You would have seen the teenagers sigh after being caught texting in their laps during dinner, and you would have seen the adults, full and happy after supper, sitting in companionable silence as we all zoned into our phones.

You would have seen Cael gobbling up his plate of food in a spectacular fashion, as if his chance at pie was on the line, and Graham, alone at the table 55 minutes later pushing around the same six pieces of turkey that were placed on his plate at the beginning of the meal.

You would have seen me doing dishes and not paying attention while my dog devoured a turkey thigh and what looked like a wooden spoon.

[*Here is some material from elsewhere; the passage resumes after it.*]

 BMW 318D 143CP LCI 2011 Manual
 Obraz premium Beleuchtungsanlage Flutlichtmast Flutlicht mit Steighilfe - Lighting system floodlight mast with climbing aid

You would have seen my sisters and I strategizing about Christmas gifts and how to best take advantage of the big sales without having to deal with the maniacal Black Friday shoppers.  You would have eventually seen the three of us in a line at Ulta anyway, buying things for ourselves and not feeling even a little bit guilty.  We earned it.  We had to deal with those people crazy enough to go out.  Oh, wait...

You would have seen Sarah and I laughing hard enough to wipe away tears while sorting through my Mom's old jewelry box filled with gaudy 80's necklaces and enough pins and brooches to stock a jewelry counter.  You would have seen us double over when we discovered that one of the drawers was filled with her children's pulled baby teeth.

If I'd remembered to take some pictures, you might have seen it.  But instead, I was too busy cooking and eating and laughing; making memories.

I hope you had a photo-free Thanksgiving yourself, and I hope you left some stuffing for me!